Teaching Philosophy

This is me, playing "Fur Elise" as a child.   I have always loved the piano, and my goal  as a teacher is to share this love with my students: to inspire and encourage them. It's a gift that lasts a lifetime! 

Above all, I hope the student will love music and enjoy playing the piano.  This love of music can last a lifetime and be an important emotional outlet and means of self-expression. Piano lessons should be fun, creative, challenging, supportive and self-esteem building.  My emphasis is on playing musically, and thoroughly understanding the elements of music, not on competing.

In teaching children, I keep in mind the child’s age and stage of development and plan lessons accordingly.  Lessons for young children include frequent getting up from the piano and playing games or drumming.   I supplement material from the lesson books and classical music with additional repertoire to suit the needs and tastes of each child.  Folk songs, popular music and Christmas carols are favorites of the children and increase their enjoyment of piano playing.  

In addition, children are encouraged to improvise, play by ear and to make up their own compositions, especially if they enjoy doing this. Depending on the schedule, it may be possible for your child to play duets or share some theory games with another student and this is always great fun!

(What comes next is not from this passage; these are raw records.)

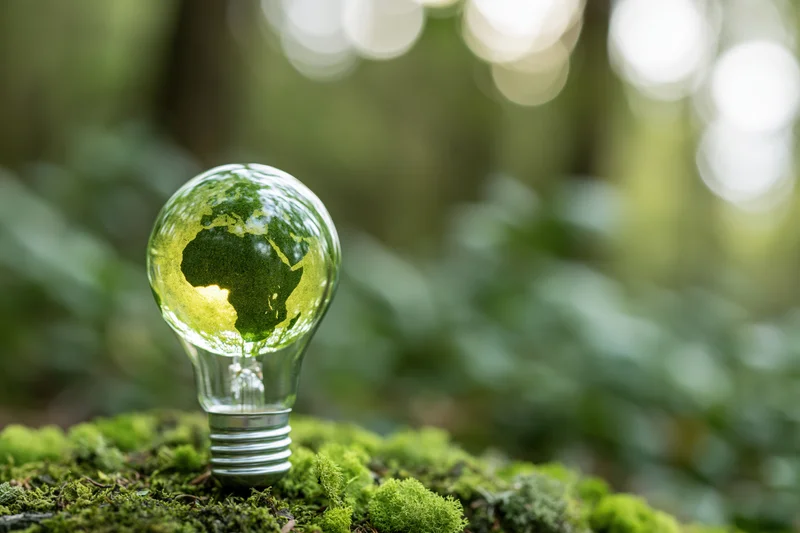 Glass lightbulb containing glowing green earth globe resting on mossy forest ground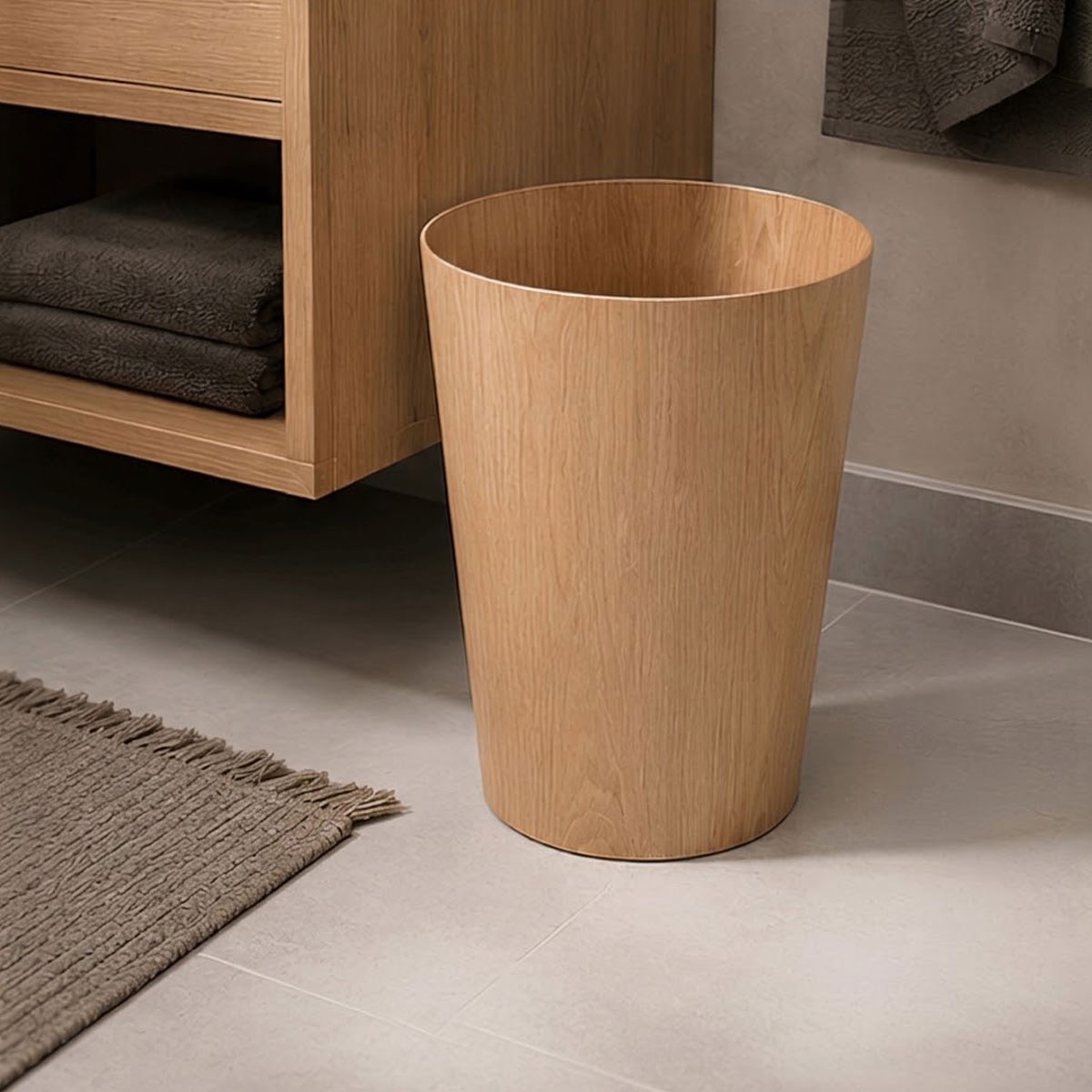 Ahşap Çöp Kovası - Yuvarlak Banyo ve Ofis Kağıt Sepeti 28x15x30 cm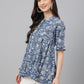 Janasya Women's Blue Cotton Floral Print Flared Top | Swadesiicart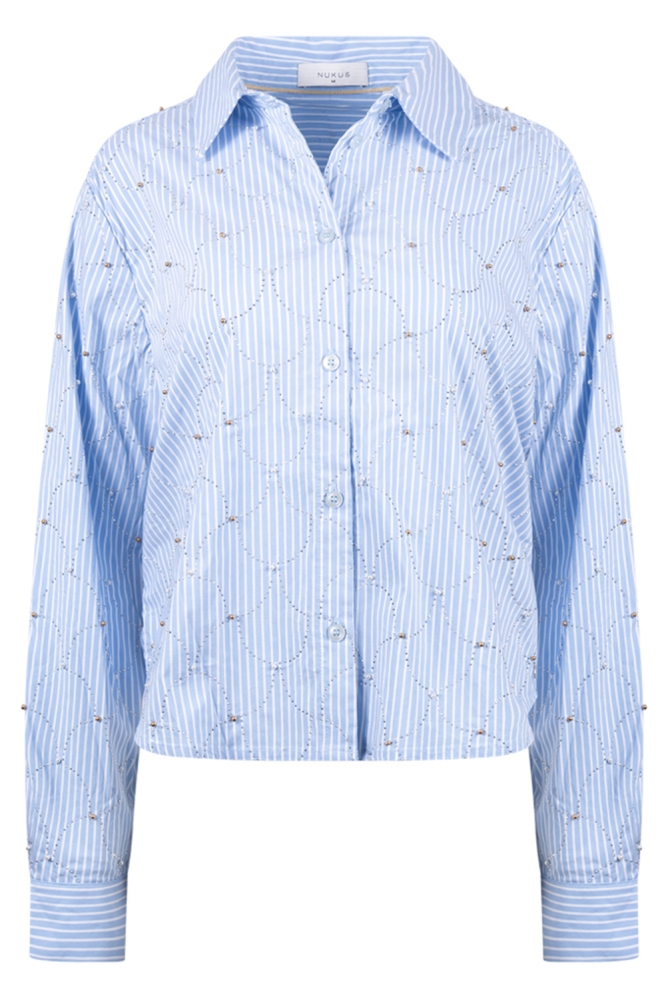 Nukus blauwe dames blouse | Vooraanzicht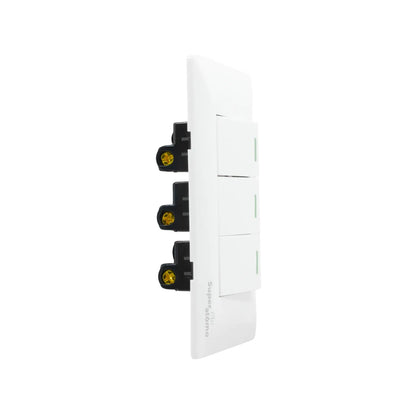 Placa eléctrica blanca Super átomo con 3 apagadores de luz tipo escalera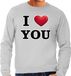 Bellatio Decorations Shoppartners Bv I love you sweater voor heren - grijs - S
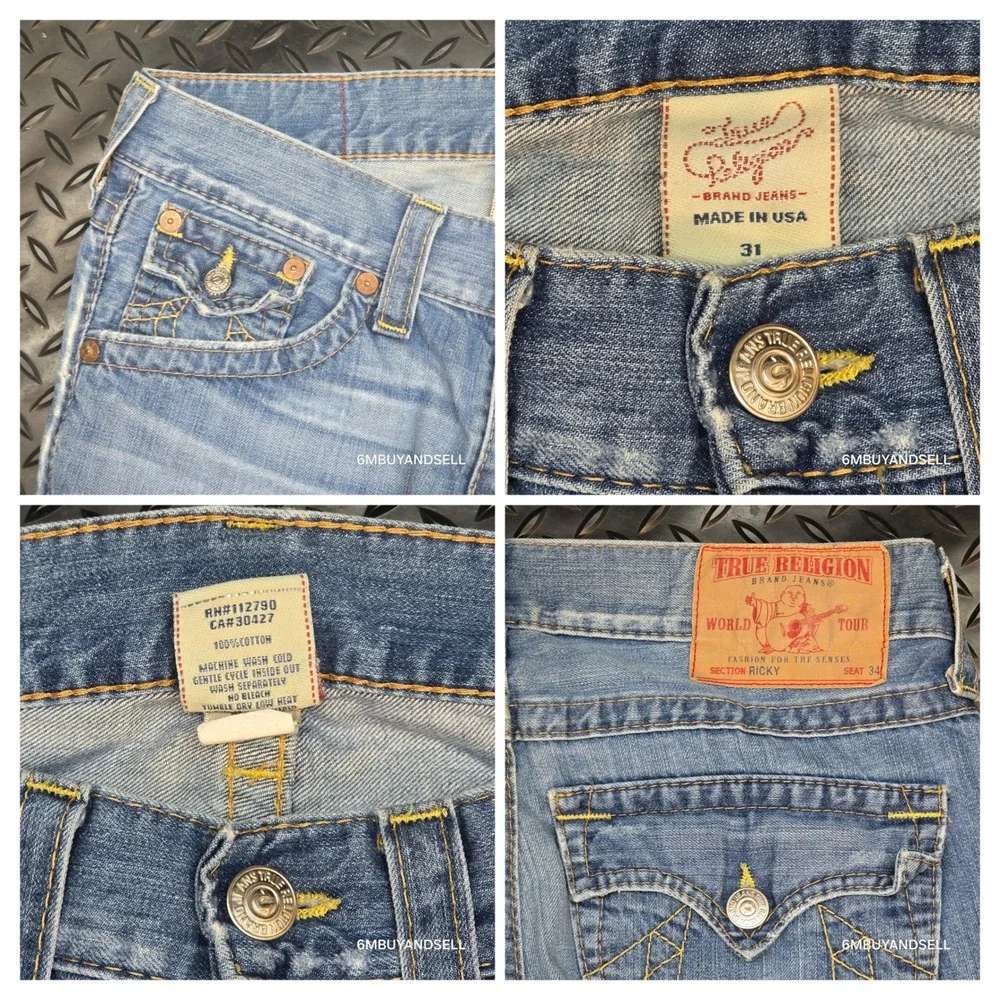 True‎ Religion Ricky Straight Leg Jeans Mens 34 Light Wash Distressed USA Y2K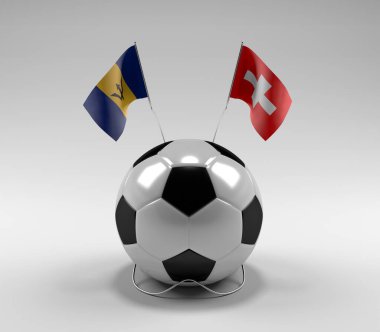 Barbados - İsviçre Futbol Bayrakları, Beyaz Arkaplan - 3D Render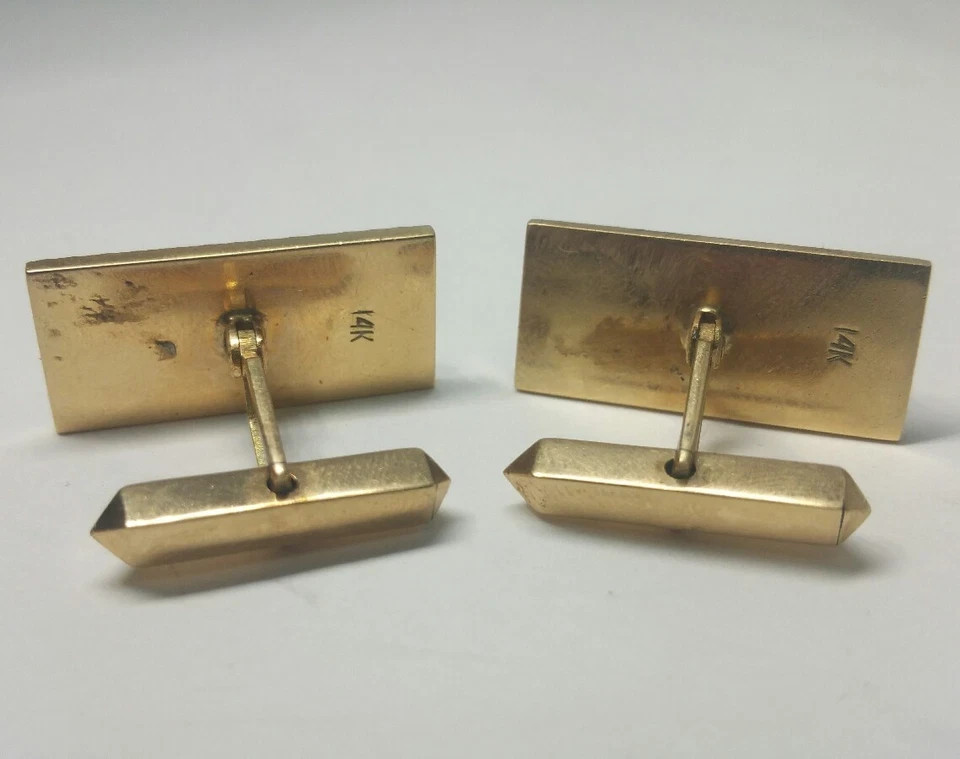 14K Yellow Gold Lapis Lazuli Large Cuff Links 21 Grams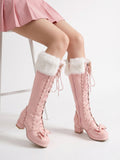 Adorable Princess Bow-Detailed Knee-High Boots
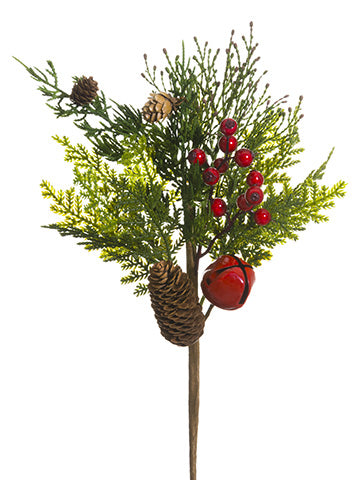 18" Cedar/Pine Cone/Bell Pick  Green Red (pack of 12)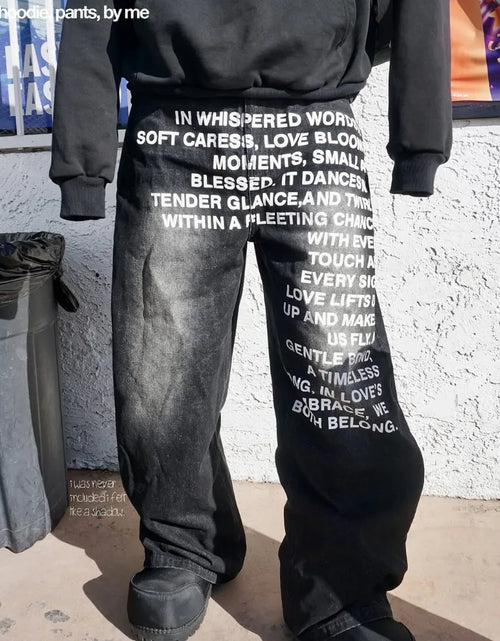 Load image into Gallery viewer, Men Jeans vintage American Pattern letter jeans streetwear Fashion Casual wide leg jeans

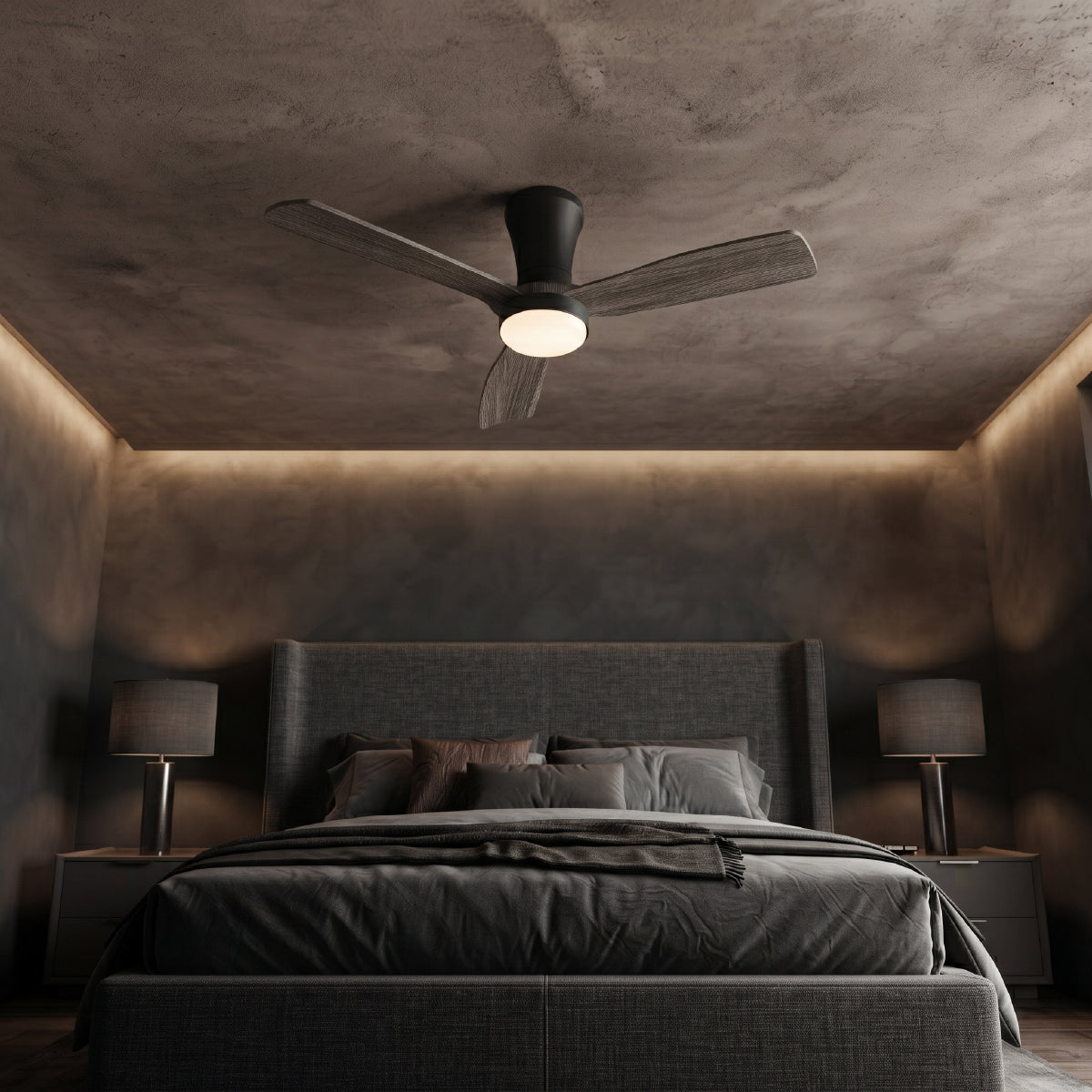 Ventilador de Techo Inteligente Ø130cm, Madera Oscura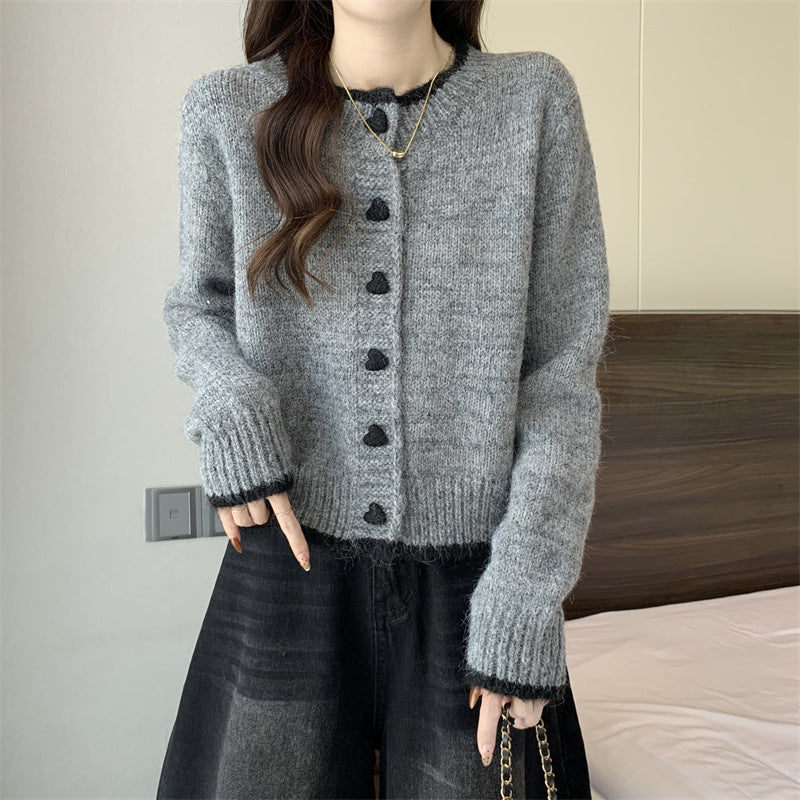 Damen Strickjacke Herzknöpfe Eveloria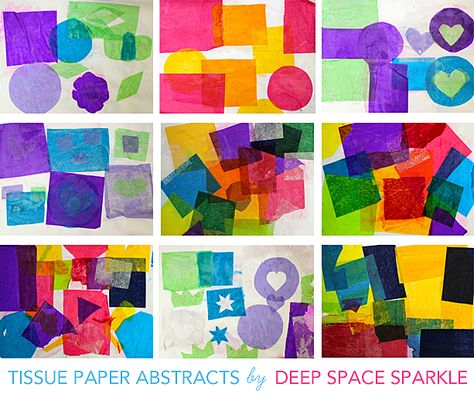 TISSUE-PAPER-ART-GALLERY | Deep Space Sparkle Art Projects For Toddlers, Projects For Toddlers, Colorful Art Projects, Tissue Paper Art, Deep Space Sparkle, Kindergarten Art Projects, Shape Collage, Paper Art Projects, Toddler Art Projects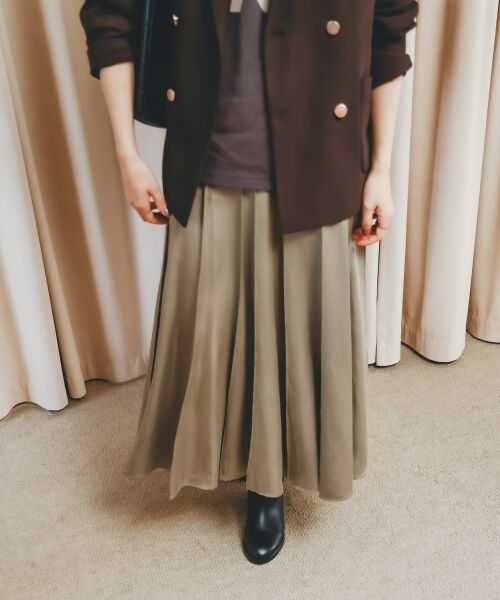 le.coeur blanc / ルクールブラン ロング・マキシ丈スカート | 《手洗い可能》フィブリルサテンパネルプリーツスカート | 詳細5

Music is meant to be shared!

I encourage the social element of music making by holding several  “piano parties” a year. where your child will have a chance to perform in a fun and supportive and informal environment. Preparing pieces for the piano party motivates the students and gives them a goal to work towards.  I try to keep these as fun and low key as possible.

 We begin by sharing some musical activities (i.e. exploring percussion instruments, singing together, playing theory games) and end with listening to the children play and celebrating their accomplishments.  We enjoy potluck refreshments.

Students may have other performance opportunities as well--such as the annual Chapel Hill Music Teacher's Association Playathon or Spring Festival.